(PROVIDED RECORDS)

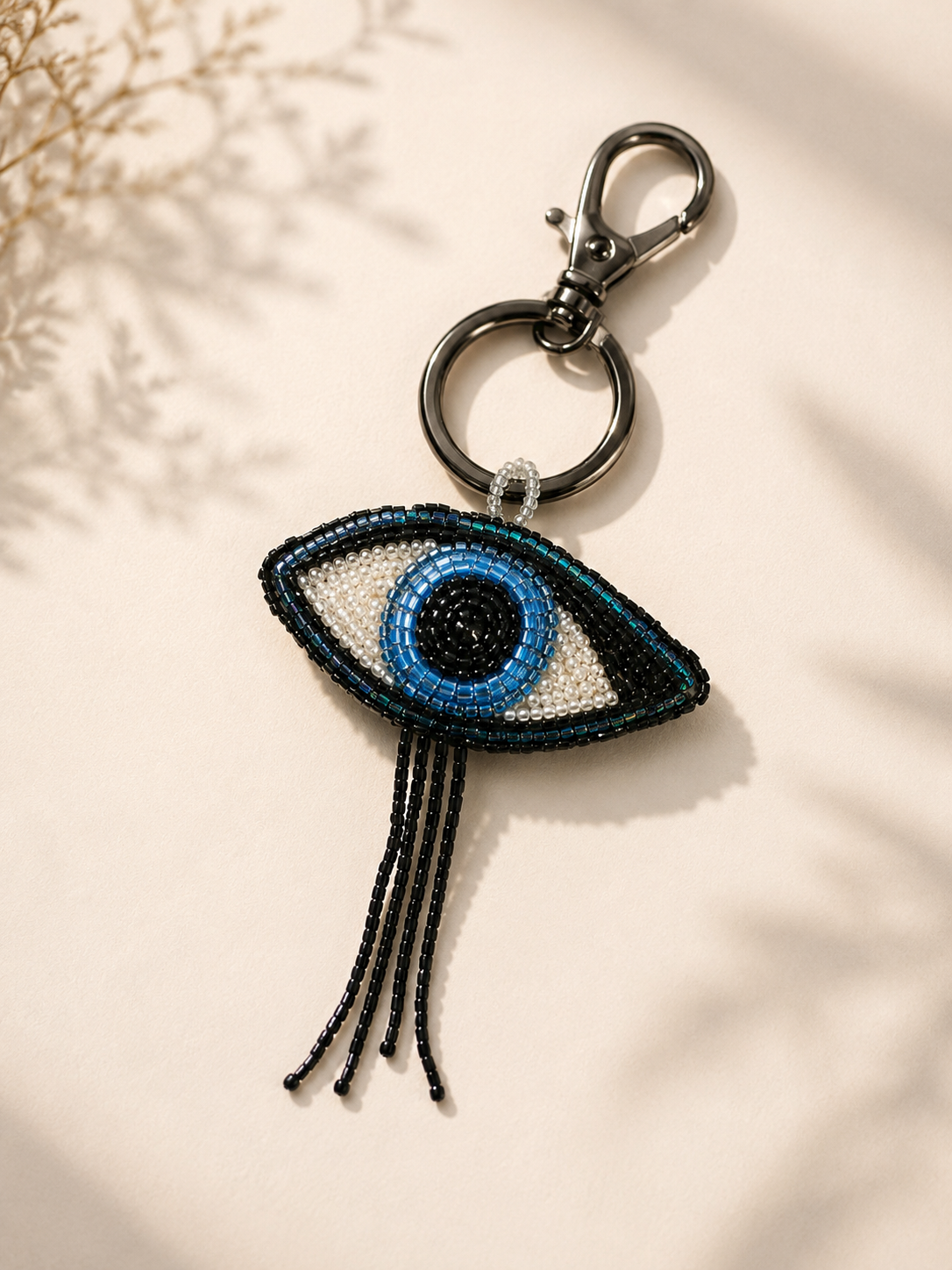 Beaded evil-eye charm in blue, white & teal
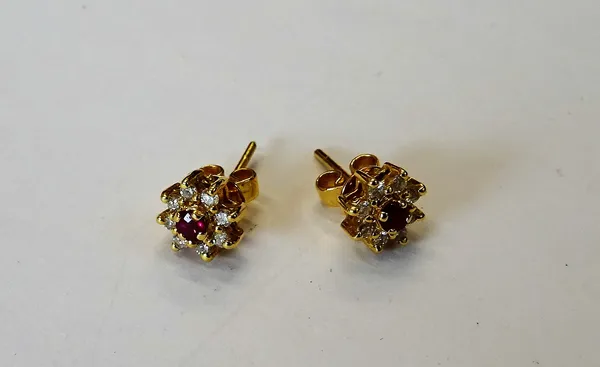 A pair of gold, ruby and diamond nine stone cluster earstuds, each claw set with the circular cut ruby to the centre, in a surround of eight circular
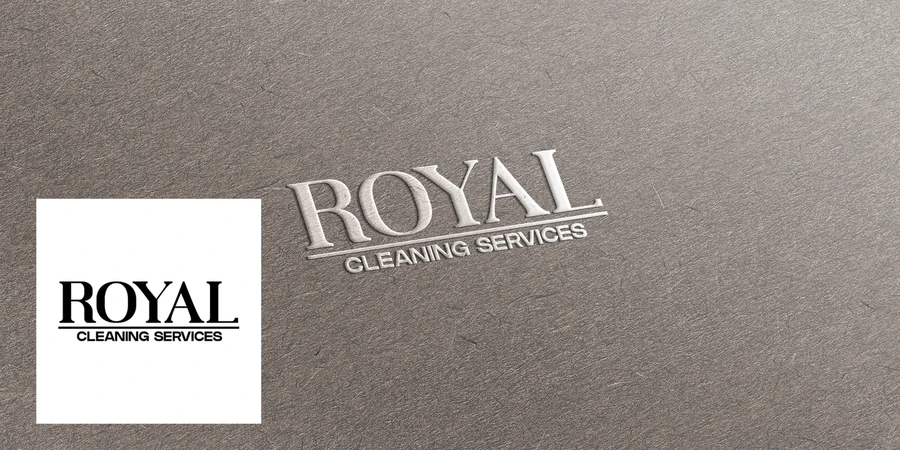 Royal Cleaning Services logo shown as a business card and a large wall sign on a grey textured wall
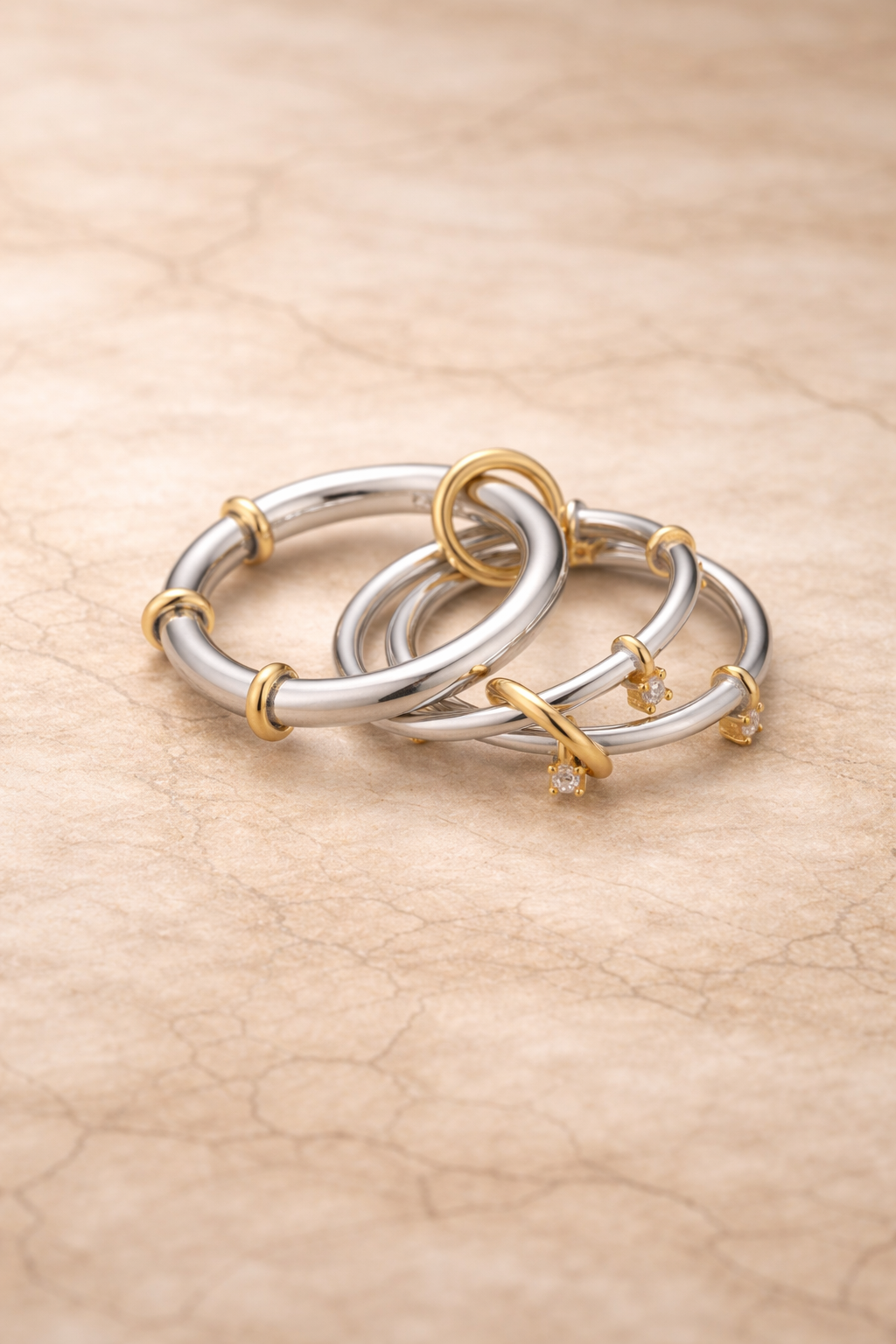 Clara two-tone linked ring in silver and gold tones on neutral stone background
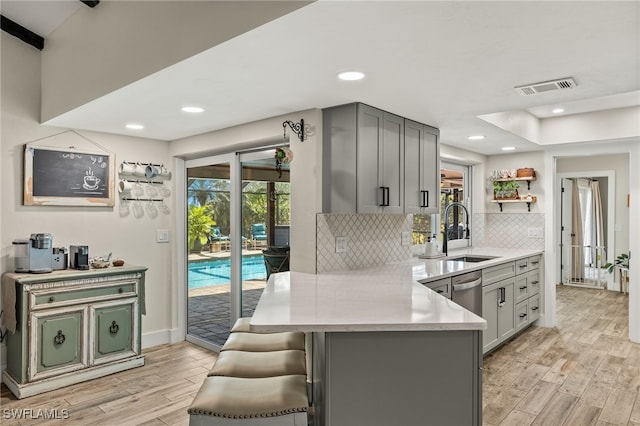 kitchen featuring a kitchen bar, kitchen peninsula, sink, and light wood-type flooring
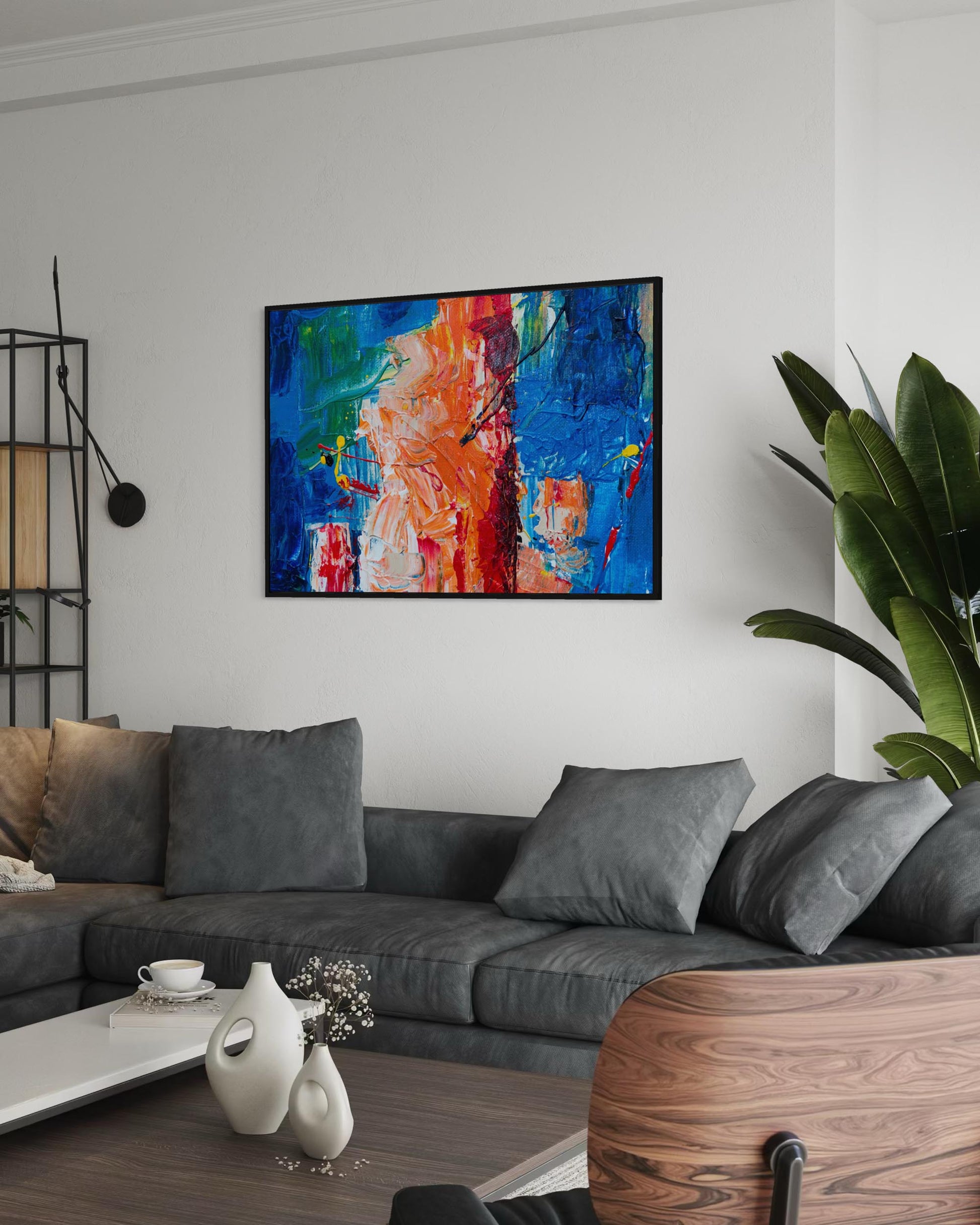 Modern living room with a gray sofa, decorative vases, and a colorful abstract painting on the wall.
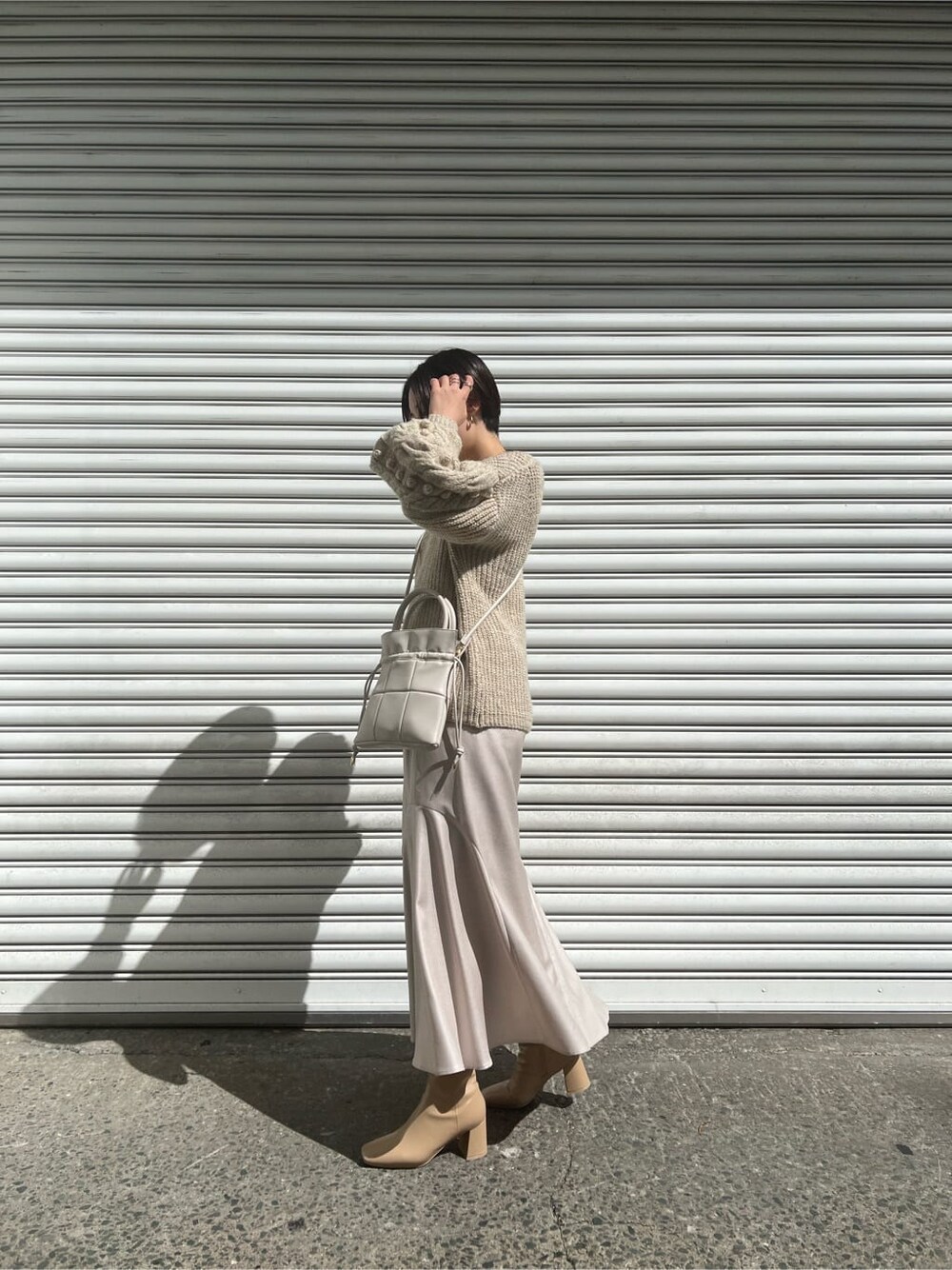 ベージュ系のブーツ、ホワイト系のニット/セーター、グレー系のスカートを着用したレディースの秋コーディネートの2枚目の写真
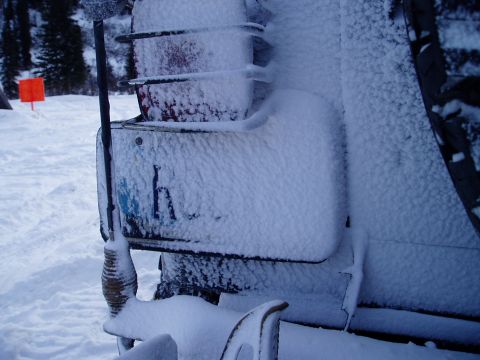 2000 Ford E350 - Vehicle rear corner covered in snow with a partial license plate visible.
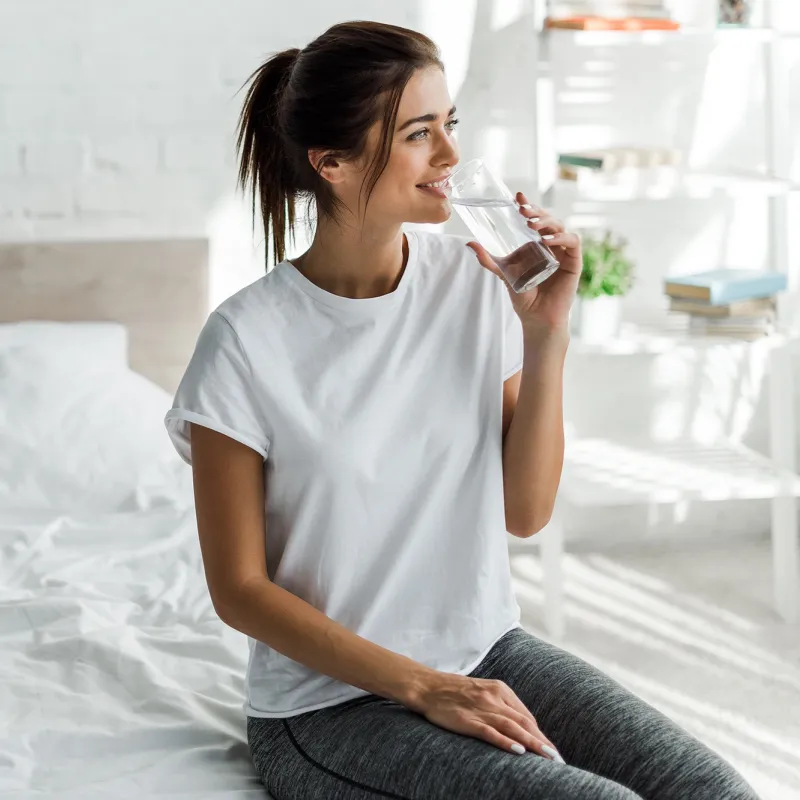 A young woman drinking a glass of water.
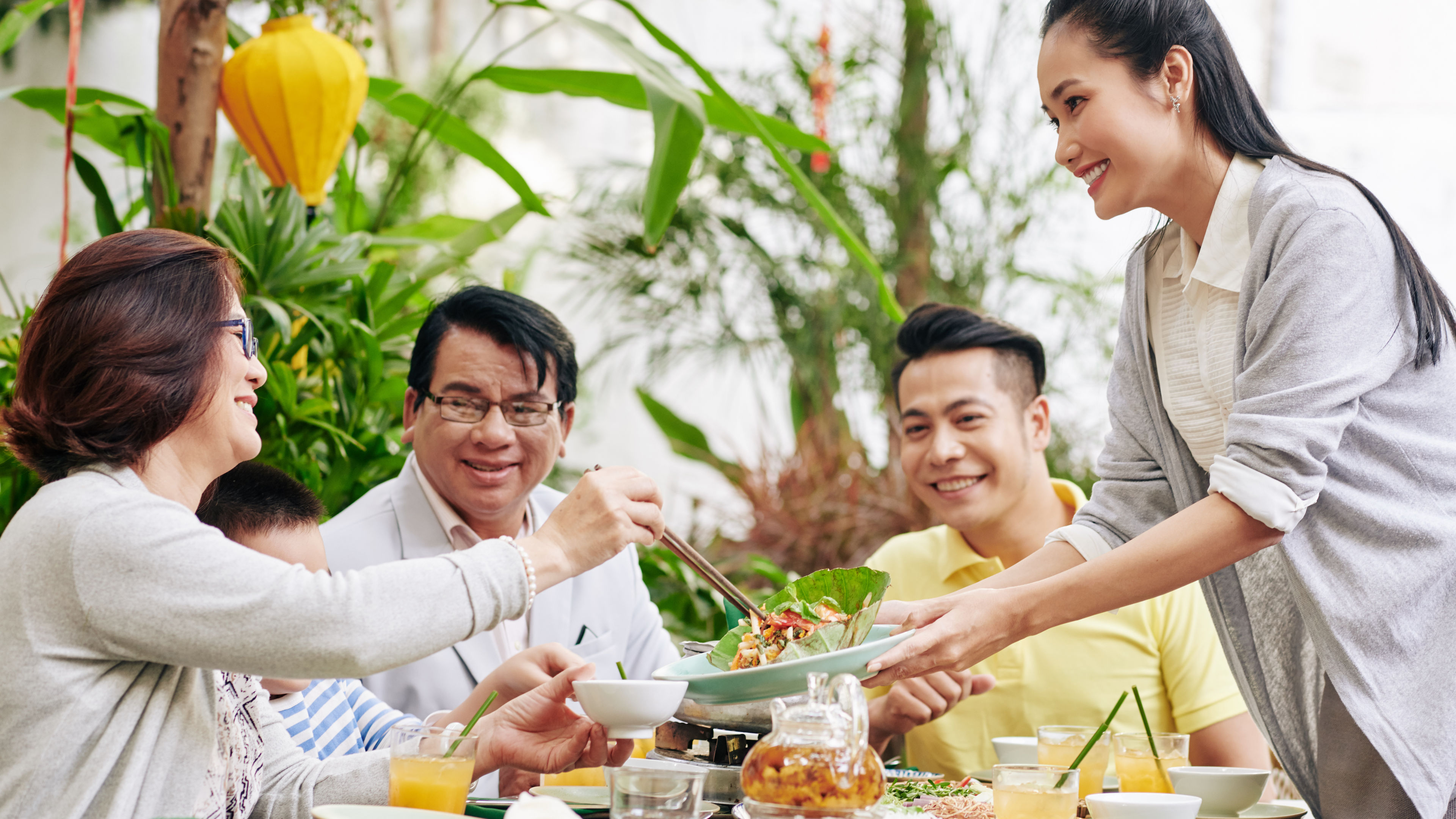 Picture of a woman offering food to a group of guests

(End PROVIDED RECORDS)

◆ ABOUT THIS EXERCISE:
Could you retype every record exactly, leaving the pictures out?

◆ ANSWER BOX:
 Beaded evil-eye charm in blue, white & teal
 A pair of gold, ruby and diamond nine stone cluster earstuds, each claw set with the circular cut ruby to the centre, in a surround of eight circular
 Royal Cleaning Services logo shown as a business card and a large wall sign on a grey textured wall
 Clara two-tone linked ring in silver and gold tones on neutral stone background
 kitchen featuring a kitchen bar, kitchen peninsula, sink, and light wood-type flooring
 Modern living room with a gray sofa, decorative vases, and a colorful abstract painting on the wall.
 ベージュ系のブーツ、ホワイト系のニット/セーター、グレー系のスカートを着用したレディースの秋コーディネートの2枚目の写真
 2000 Ford E350 - Vehicle rear corner covered in snow with a partial license plate visible.
 A young woman drinking a glass of water.
 Picture of a woman offering food to a group of guests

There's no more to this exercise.